月二回渋谷で開催している朝活読書サロンCollective Intelligenceに集う本をこよなく愛するメンバーのブログ

【縁の下の力持ちを教えてくれる】『紙つなげ! 彼らが本の紙を造っている 再生・日本製紙石巻工場』

こんにちは。readingsalonのブログ、共同執筆者の北澤です。毎週土曜日に、一週間で読んだ本の中から一冊を紹介しています。ブクレコで一日一冊、読んだ本の感想を書いていますので、良かったら覗いてみて下さい。


さて、今週の一冊はこちらです!



佐々涼子著『紙つなげ! 彼らが本の紙を造っている 再生・日本製紙石巻工場』です。佐々涼子さんの本は二冊目。前作『エンジェルフライト』も素晴らしい作品でした。



両方とも、普段は意識することはありませんが、日本社会を支えてくれている「縁の下の力持ち」に目を向けさせてくれるノンフィクションです。本書は、日本製紙の基幹工場である石巻工場が、東日本大震災の災禍から立ち直るまでの物語。

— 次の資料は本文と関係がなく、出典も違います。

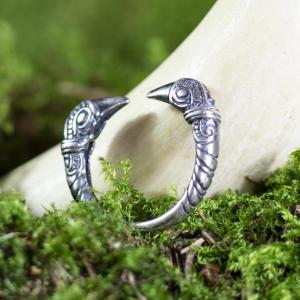 Ring ravens - silver, Ag 925/1000 2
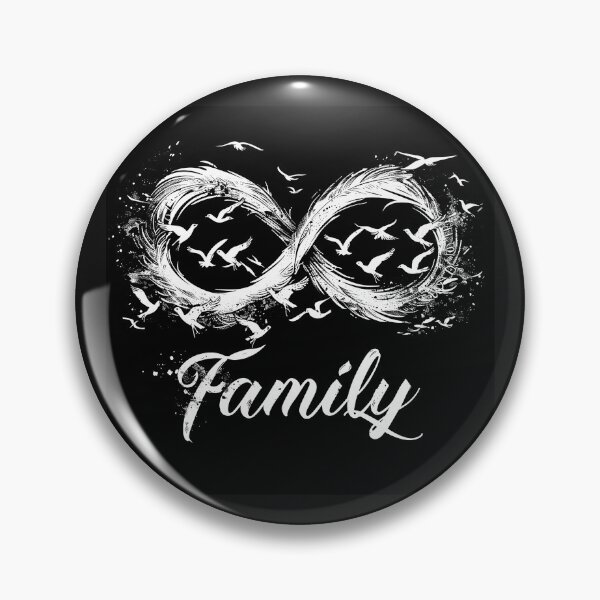 Item preview, Family Infinity Birds Eternal Love and Togetherness Design designed and sold by inkoutninja.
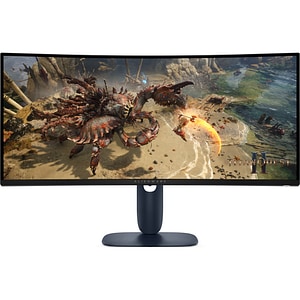 Monitor Gaming curbat LED VA DELL Alienware AW3425DWM, 34", WQHD, 180Hz, AMD FreeSync Premium, negru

まず、著者と編集者との会話に出てくる「不足してみないと、何も知らないことにすら気づけないなんてね。」という言葉に自省させられました。


日本の出版用紙の約四割が日本製紙で生産されている事実をご存知ですか? 著者と編集者は、出版用紙がどこで作られているのかを知らなかった迂闊さに呆れたそうです。これは、普段から「紙の本」を愛好する者としてまったく同感でした。

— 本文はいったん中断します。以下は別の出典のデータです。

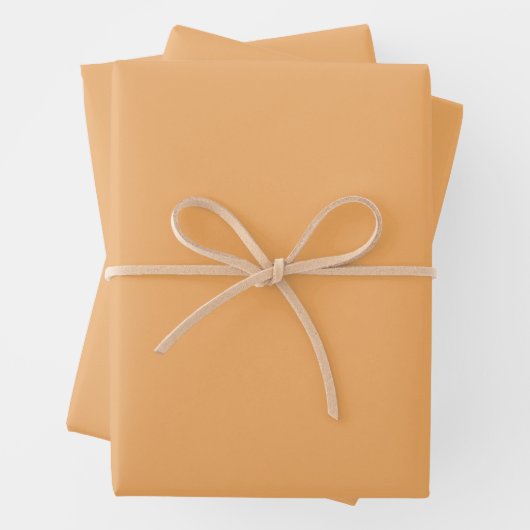 Trend Farbe - weiche, orangefarbene Papiertücher Geschenkpapier Set (Beispiel)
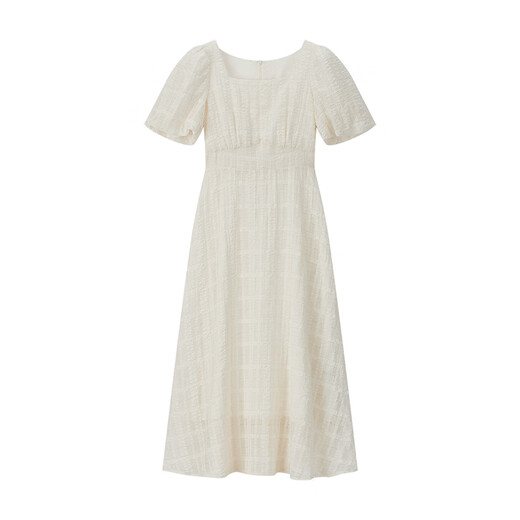 Vanciman Robe française haut de gamme pour femmes 2025 Été Nouveau style marge de taille collat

著者がいて、出版社、そして書店があって、本は書かれ、作られ、そして売られています。しかし、著者や編集者の想いを込めた文字を乗せる紙がなければ本になりません。日本製紙がまず考えたのは、出版物を途切れさせないことだったのです。


なぜ、彼らは懸命に紙をつなげようとしたのか? それは、彼らが本というたすきでつなぐ長いリレーの一走者だからです。そして、この長いリレーは途絶えさせず延々とつないでいかなければならない。そう、われわれ読者も一走者なのです。


紙の本を愛好する者として、自身の読書を支えてくれている縁の下の力持ちの存在を教えてくれた、気付きの一冊でした。そして、東日本大震災の記録としても価値のある一冊です。紙の本を愛する人は是非ご堪能いただればと思います。